26 November 2008

Radio Australia: East Timor Still Facing Weapons Control Challenges

Radio Australia 25 November 2008 East Timor Still Facing Weapons Control Challenges - A new report by the Small Arms Survey group says East Timor still has a serious challenges regarding weapons control and management with controlling weapons.

Presenter: Stephanie March

Speaker: Edward Rees, Author of the Small Arms Survey report on East Timor

STEPHANIE MARCH: The mismanagement of government stockpiles of weapons by authorities is a common thread throughout East Timor's relationship with small arms over the past 50 years. Most recently, soldier turned rebel Alfredo Reinado and his followers who were in possession of police weapons shot and seriously injured President Jose Ramos Horta in February this year. Weak government gun control first became a problem in 1959 in the mountain district of Viqueque when a group of anti-imperialist rebels seized 48 weapons from government offices and launched a bloody yet unsuccessful rebellion. At various times over the next five decades non-state groups used weapons taken from both the Portuguese colonisers and then ruling Indonesian authorities to wreak havoc across the tiny nation.

EDWARD REES: And finally in 2006 and 2007, government weapons were misused or distributed by Timorese politicians and or senior members of the security forces and then those weapons were then used against civilians and or their opponents.

STEPHANIE MARCH: Edward Rees is the author of a new report by the Small Arms Survey called "Dealing with the Kilat," which means "gun" in the local Tetum language.

EDWARD REES: So the story from 1959 until 2007 is that there isn't an illicit small arms problem in Timor but there is a problem with managing the weapons in government stockpiles.

STEPHANIE MARCH: His report which is an historical overview cites a number of reasons for poor weapons control.

EDWARD REES: I think the matter of physically weak or inconsequential infrastructure in the form of armouries needs to be addressed, there are weak controls over how weapons and in particular ammunition are checked in and checked out.

STEPHANIE MARCH: Most of the guns distributed in 2006 and 2007 have been accounted for but Edward Rees says there's little indication that weapons management in the police force has improved since the crisis two years ago. Interim Police Commander Alfonso de Jesus told Radio Australia there are a small number of officers who fail to surrender their weapons at the end of a shift. Edward Rees says before 2006 each special police unit was issued with a particular model of weapon. The Rapid Response Unit had FNC rifles, the Border Patrol was issued with HK-33s and the Police Reserve Unit had Steyrs.

EDWARD REES: Now you see that rifles are moving around the police service in what seems like an almost totally ad hoc fashion. So one unit will possess all three types of weapons. I don't know how weapons are, or by what means they are distributed but it would appear that if an officer prefers a green gun as opposed to a black gun that's what he gets.

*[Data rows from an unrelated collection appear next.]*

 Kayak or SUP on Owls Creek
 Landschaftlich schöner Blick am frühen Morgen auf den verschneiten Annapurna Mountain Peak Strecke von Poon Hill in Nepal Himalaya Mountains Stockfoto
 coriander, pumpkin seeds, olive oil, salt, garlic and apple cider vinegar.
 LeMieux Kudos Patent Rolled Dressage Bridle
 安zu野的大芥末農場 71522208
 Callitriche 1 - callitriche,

STEPHANIE MARCH: Alfredo Reinado and his followers were disarmed in 2006. In 2007 they were able to take a number of HK-33 rifles from the Police Border Patrol Unit and roam free in the mountains for the next year. Ironically Edward Rees says it could have been one of those HK-33s that was donated by the Government of Malaysia while Jose Ramos Horta was foreign minister that was used to shoot him as President in February this year. No one predicted the attack on the leadership but Edward Rees says the months following were the first time in history a Timorese Government has taken seriously the problem of arms control. In February the government launched 'Operation Halibur' which successfully applied pressure from the security forces to convince the rebel group to surrender its weapons peacefully.

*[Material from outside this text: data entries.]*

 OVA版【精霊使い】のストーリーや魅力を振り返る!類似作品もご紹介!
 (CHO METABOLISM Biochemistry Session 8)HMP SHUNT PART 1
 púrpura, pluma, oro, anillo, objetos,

EDWARD REES: Between July and September of this year something called 'Operation Kilat' which was designed to be a voluntary surrendering of weapons, arms and munitions to the government in which thousands of home made weapons, primarily bladed weapons were surrendered. But also 150 to 200 home made fire arms were surrendered. Something in the vicinity of 100 to 150 grenades were surrendered and thousands upon thousands of rounds of ammunition were surrendered.

STEPHANIE MARCH: In June, the government introduced a new gun law to Parliament but it was widely criticised for seeking to allow civilians to be armed and because it put the power to issue gun licences solely in the hand of the Police Commander. A revised version of the law is to be put before Parliament in the coming weeks.